Wieder in der zivilisierten Welt angekommen, verstaute ich meine neue Errungenschaft sofort an einem sicheren Ort. In diesen gefährlichen Zeiten, kann man ja nie wissen, ob nicht hinter der nächsten Ecke ein Dieb oder sogar ein Mörder auf einen lauert, um einen um sein Hab und Gut zu erleichtern.
Noch ist mir der Nutzen des Parfums schleierhaft, aber auch dieses Geheimnis, wird sich mit der Zeit sicher lösen lassen.

Als fire_dragon sich gerade auf Schatzsuche befand, lud mich Exodus ein den Loroktom, ein schwerfälliger Steingolem, zu erlegen. Nun gut, der Weg war zwar sehr weit, aber mit der Hoffnung auf einen wertvollen Fund machte ich mich auf den Weg nach Orewu.

Unsere Strategie war einfach und hatte sich auch schon oft bewährt. Zu erst einmal schoss ich mit einer schweren Armbrust durchschlagende Bolzen auf ihn ab, um unser Risiko zu minimieren. Danach wollten wir uns im Nahkampf unsere Trophäe hohlen.

Aber ein anderer Jäger stand plötzlich direkt am Golem und nahm uns jede Möglichkeit in das Geschehen einzugreifen. Kurz darauf tauchte auch seine Verstärkung auf und ich sah unsere Felle schon dahin schwimmen.

Nach einem kurzen klärenden Gespräch waren seine Absichten auch vollkommen klar, er wollte sich wirklich unsere Beute schnappen.
Nun gut, wir konnten nichts mehr ausrichten. So gefrustet, beschloss ich meinen Killerbienen einen kleinen Ausflug zu gönnen.
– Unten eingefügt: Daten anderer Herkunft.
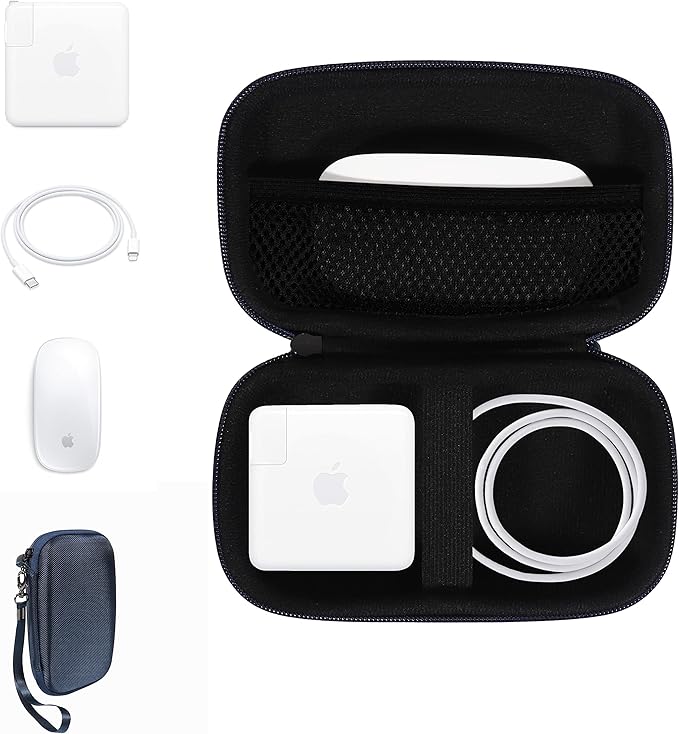Alltravel All in one case for MacBook Accessories MacBook MacBook Pro Air Charger 45W/60W/100W MagSafe 1/2 Magic Mouse 1/2 Lightning Cord USB Hub Type C Hub (Blue)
In der gleichen Zeit spürte Exodus ein zweites lohnendes Ziel auf, einen so genannten “kollektiver Salzhügel”. Dieses Mal, beschlossen wir uns die Beute nicht wieder abjagen zu lassen. Also bewachten wir dieses Npc sehr gut und hatten immer ein waches Auge auf unsere Umgebung, da wir uns nur unweit der anderen Jagdgruppe befanden. Plötzlich betrat unser alter Bekannter wieder die Bühne, grummelte etwas von “Killerbienen sind auch nicht nett”, und bat uns sich unserer Jagdgruppe anschliessen zu dürfen, da er (unser) Npc nicht angreifen könne.
Ich dachte nur bei mir, “wie dreist muss man sein?”. Wahrscheinlich wollte er uns wieder abdrängen und den Lohn unserer Arbeit stehlen.
Also verwiesen wir ihn vom Kampfplatz.

Letztendlich haben wir eine Beute verloren, aber an Erfahrung mit ungebetenen Gästen gewonnen.